Let $A$ be a $C^*$-algebra. By Krein-Milman the set of pure states of $A$, $P(A)$, is always non-empty. For a step in a proof I need the existence of a faithful pure state $f\in P(A)$.
Does such a $f$ always exist?
Instead of asking for the existence of faithful pure states one can ask for existence of faithful irreducible $*$-representations. Sadly I have no idea if the answer is yes or no, so I appreciate your ideas.
"Pure" is kind of the opposite of "faithful".
As Shirly mentioned, if $A$ is abelian then all irreducible representations are 1-dimensional. So the only abelian C$^*$-algebra with a faithful pure state is $\mathbb C$.

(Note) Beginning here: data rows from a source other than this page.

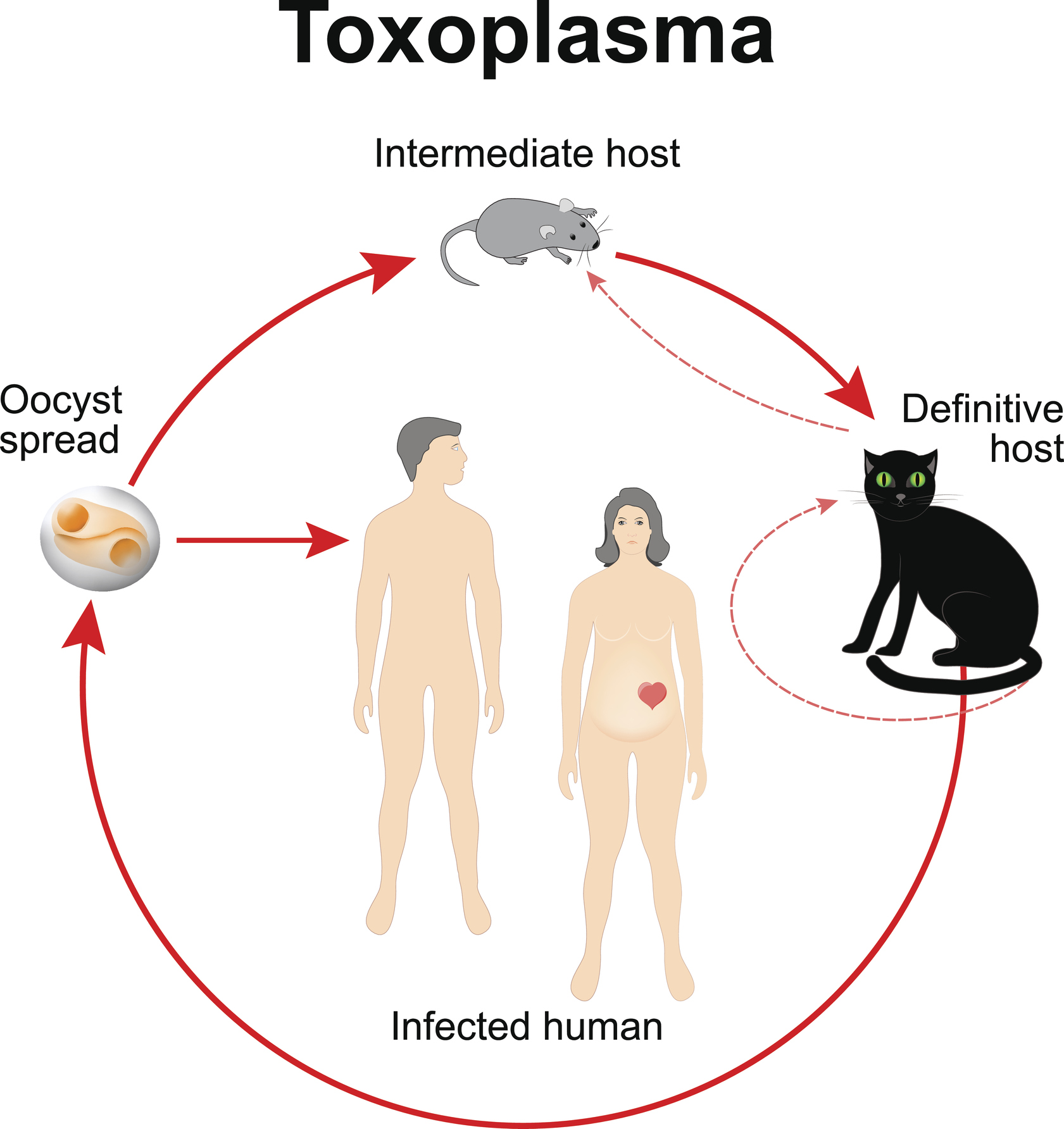 Toxoplasma gondii elutsükkel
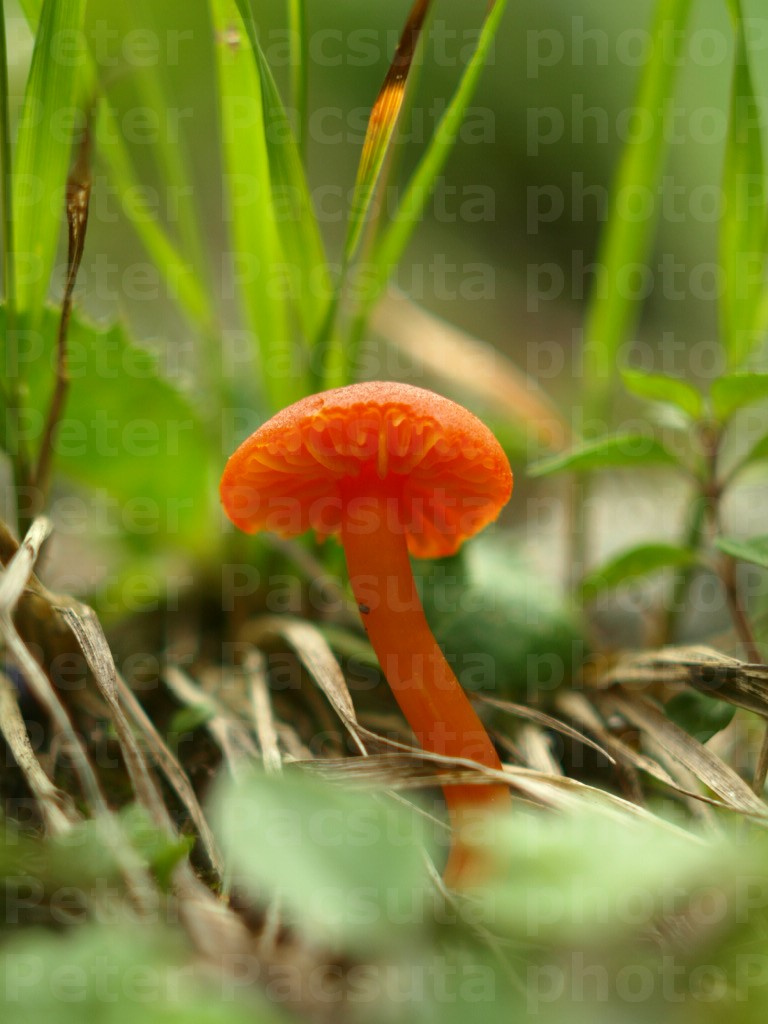 Vörös nedűgomba (Hygrocybe coccinea)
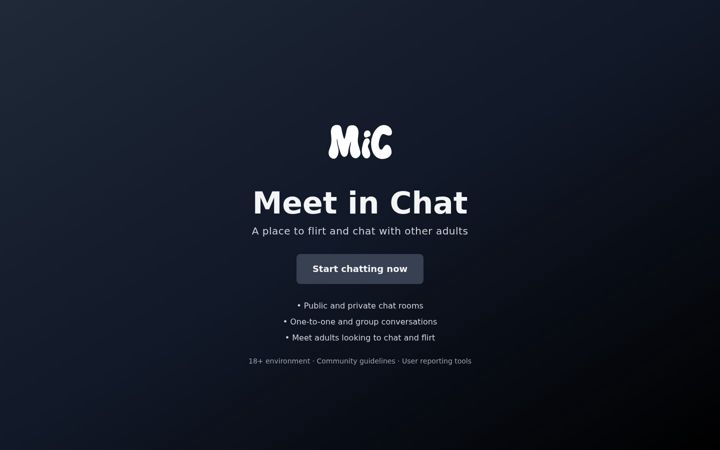 Screenshot of meetinchat.com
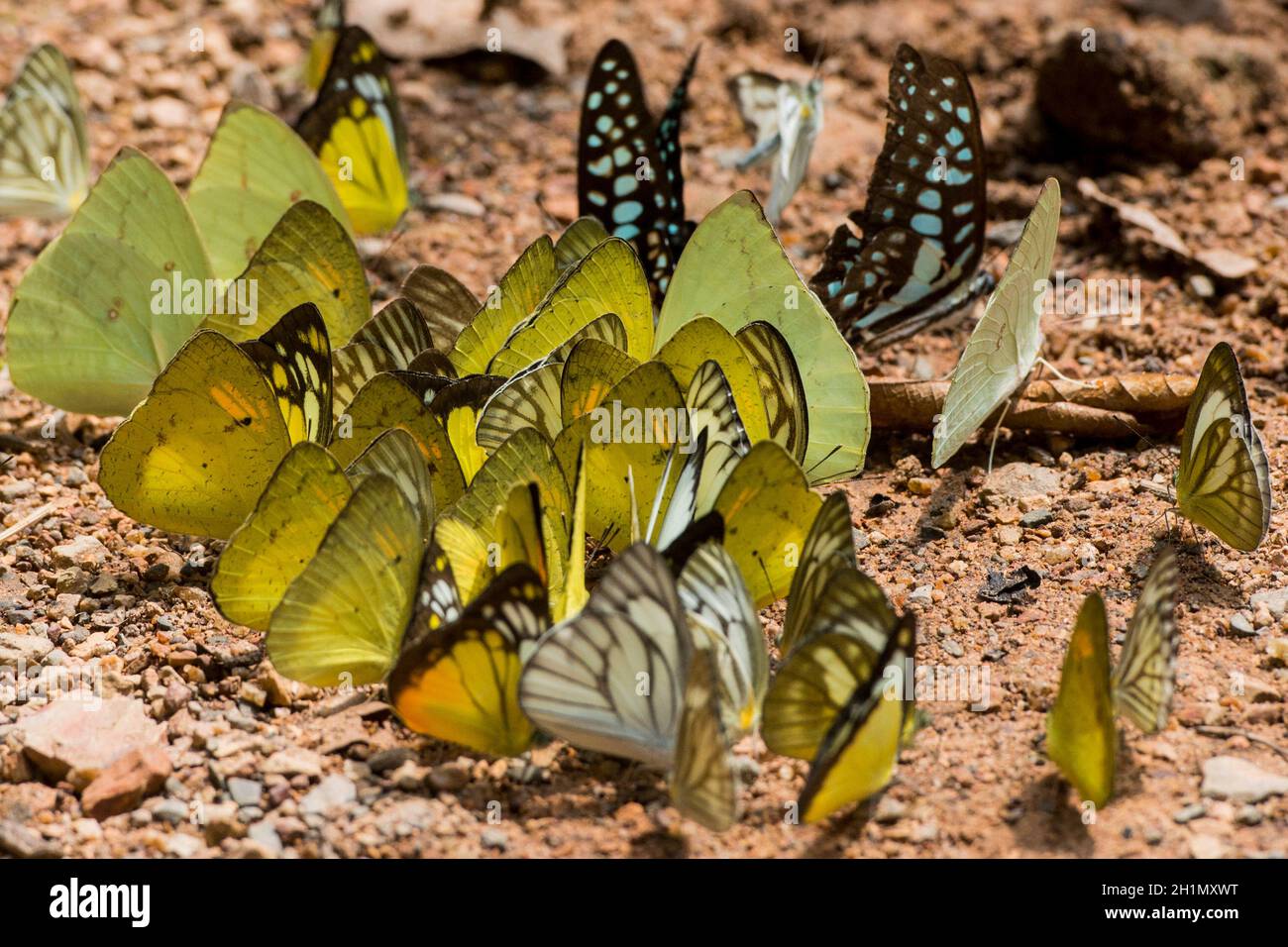 Farfalla selvaggia al Kaeng krachan Nationalpark ad ovest la città di Phetchaburi o Phetburi nella provincia di Phetchaburi in Thailandia. Thailandia, Phet Foto Stock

And whenever $A$ is arbitrary, if $\phi$ is a faithful pure state, both faithfulness and pureness of the state survive to subalgebras. In particular, $\phi$ will also be pure and faithful on all abelian subalgebras (there are always many of this, take any normal $a\in A$ and consider $C^*(a)\subset A$). So all abelian subalgebras are trivial. This means that any selfadjoint $a\in A$ has single-point spectrum, i.e. it is a scalar multiple of the identity. As selfadjoints span $A$, this applies to all elements.
In summary, the only C$^*$-algebra with a faithful pure state is $\mathbb C$.